The clothes, having been left to mount up in ever-growing heaps and piles (that only takes two days, in this neck of the woods), are working their way through the decrepit wash machine and dryer, and coming out fairly clean, in spite of the state of affairs.  Three loads of clothes are on my bed, waiting to be folded.

And now, I'm off to give Victoria a bath, toss another load of clothes into the dryer... OOOoooo...Victoria’s got a barrette stuck in her hair.  "Oh!" she said, grimacing as she tried gingerly to remove it, "This is stuck!  Now it will be in my hair forever and ever!" 

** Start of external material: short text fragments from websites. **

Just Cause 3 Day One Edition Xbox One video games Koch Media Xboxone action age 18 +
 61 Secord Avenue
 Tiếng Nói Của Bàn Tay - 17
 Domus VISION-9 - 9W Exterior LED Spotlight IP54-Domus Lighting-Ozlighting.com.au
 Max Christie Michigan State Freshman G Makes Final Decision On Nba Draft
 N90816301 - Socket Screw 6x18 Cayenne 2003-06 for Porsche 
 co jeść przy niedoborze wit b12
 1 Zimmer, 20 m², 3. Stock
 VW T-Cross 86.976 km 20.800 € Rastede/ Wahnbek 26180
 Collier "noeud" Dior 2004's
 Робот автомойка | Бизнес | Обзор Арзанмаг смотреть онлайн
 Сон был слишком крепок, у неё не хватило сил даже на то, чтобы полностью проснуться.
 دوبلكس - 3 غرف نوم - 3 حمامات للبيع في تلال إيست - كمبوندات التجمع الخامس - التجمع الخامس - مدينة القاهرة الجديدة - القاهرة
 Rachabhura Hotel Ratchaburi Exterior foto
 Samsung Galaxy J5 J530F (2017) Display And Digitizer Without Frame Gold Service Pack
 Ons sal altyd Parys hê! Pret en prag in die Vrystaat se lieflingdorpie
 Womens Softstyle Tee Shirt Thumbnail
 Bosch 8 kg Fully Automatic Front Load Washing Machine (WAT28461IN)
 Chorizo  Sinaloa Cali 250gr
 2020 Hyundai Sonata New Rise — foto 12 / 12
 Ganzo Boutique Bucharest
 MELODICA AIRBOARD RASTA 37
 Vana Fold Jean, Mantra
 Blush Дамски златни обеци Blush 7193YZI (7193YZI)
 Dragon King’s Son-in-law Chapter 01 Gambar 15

Forever was not really all that long; I had the barrette out in short order, and left the child's hair in her head, too.


P.S.:  OH!  By the way!--
Perhaps you have already heard this IMPORTANT information, but in case you haven't, please note the following:
Voter turnout is now expected to be much higher than previously thought.  Consequently, there will be TWO voting days:  Tuesday, Nov. 7th; and Wednesday, Nov. 8th.  Those who want to vote for George Bush should vote on Tuesday, Nov. 7th.  Those who wish to vote for Al Gore should vote on Wednesday, Nov. 8th.  Please put the appropriate date on your calendar and tell all of your friends.